Although the number of defendants now on trial stands at 151, there were in fact in excess of 1,700 people arrested as a result of the operations against the KCK that were launched in April 2009. More significant than the number of the people arrested, however, was the fact that none of the premises searched during the operations discovered even the slightest resemblance of any weaponry or suspicious item that could be construed as useful for waging violence. Whilst this provides concrete evidence of the will of the Kurdish people to achieve a peaceful solution through legitimate political activities it also thoroughly exposes the lack of any legal basis for the accusations.

To this end, as a lawyer observing the trials, what I found particularly concerning was the continuous insinuations that were being asserted throughout the case. The fact that the only one question asked of the defendants upon their detention by way of interrogation was “...are you a member of the KCK?” and no other investigation conducted points simply in the direction of an presumption of guilt before conviction, because no other questioning or investigation was deemed necessary. Again the gathering of the so-called evidence was conducted in such a manner and in scant regard to any safeguards against fabrication that the only conclusion can be a presumption of guilt. This golden tread is then continued in the exaggerations and manipulative manner in which the public prosecutor made use of non-existent evidence. To give just one example: environmental awareness activists campaigning against the Ilisu Dam, which will destroy hundreds of years of Kurdish cultural heritage, was interpreted in the indictment as attempts to preserve a route used by PKK guerrilla fighters.
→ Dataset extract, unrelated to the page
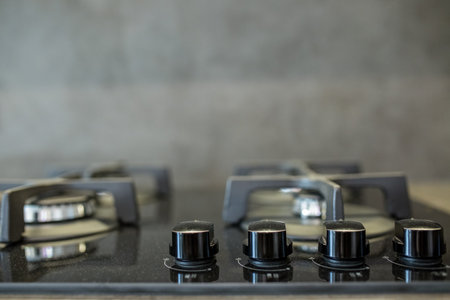 Gas stove close-up. Home and cooking concept.
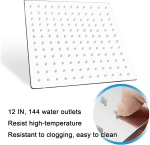 12 Inch Rain Shower Head with 16 Inch Extension Shower Arm, Square Ultra Thin 304 Stainless Steel Large Rainfall Shower Head Chrome Polish, Waterfall Full Body Coverage Waterfall Shower Head - Image 4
Parallel to these assumptions was the biased nature of the prosecution itself. A fundamental rule of prosecuting on behalf of the public is that impartiality must be preserved. No regard was given to the preservation of useful evidence for the defence in this case. Similarly, attempts to give a semblance of impartiality are completely set aside by the use of contorted logic to insinuate that completely legitimate and lawful acts and political activities actually indicate membership of an armed group.

If there is one lesson from these trials, it is that Turkey has embarked on a new stage in its oppression of the Kurds. It would seem that the times of brutality and torture in custody have been replaced by unjustifiable lengthily periods of pre-trial detention to end in hefty double figure jail terms. The times of extra-judicial killings have been replaced by accusations of membership of an armed group, the “terrorist” label with an extraordinary exaggeration of evidence attracting lengthily periods in custody.
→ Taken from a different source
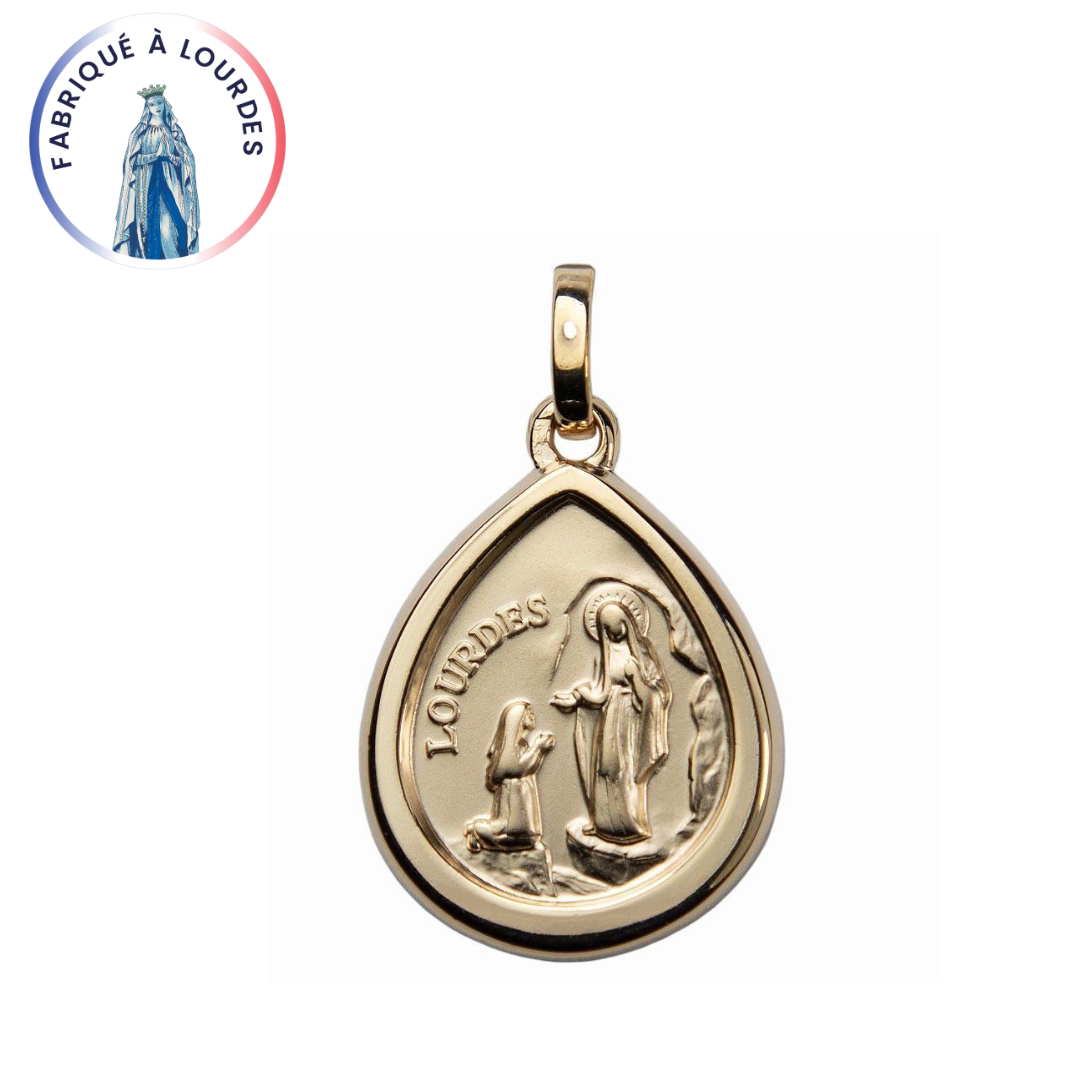 Medaglia dell'Apparizione di Lourdes forma pera placcata in oro 3 micron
With Turkey’s stated support for increased democratisation through the accession process of its membership to the European Union one would have hoped to be able to use the words “fair” and “trial” in the same breath, but there is absolutely nothing fair in the conduct of these trials. These trials in fact bare all the hallmarks of political oppression and these is no legality about them.

Essentially, there are two clear messages being sent to the Kurdish people by these trials; don’t go up to the mountains or we will declare you as “terrorists” and terrorise you in partnership with our international allies, but also don’t engage in legitimate and peaceful politics or we will accuse you of being members of an armed group and prosecute you in Special State Courts; we will hold you in pre-trial detention for years if need be and when finally prosecute you we will deny you the use of your mother-tongue to advance your defence and if you do not speak “Turkish” we will assume you are exercising your right to silence.

Ultimately, it is Turkey which is on trial here, a trial which will show whether it really is willing to see democratisation and a peaceful resolution to the Kurdish question.

Ali Has is a practicing lawyer in London and Spokesperson for the British Peace Council (Turkey).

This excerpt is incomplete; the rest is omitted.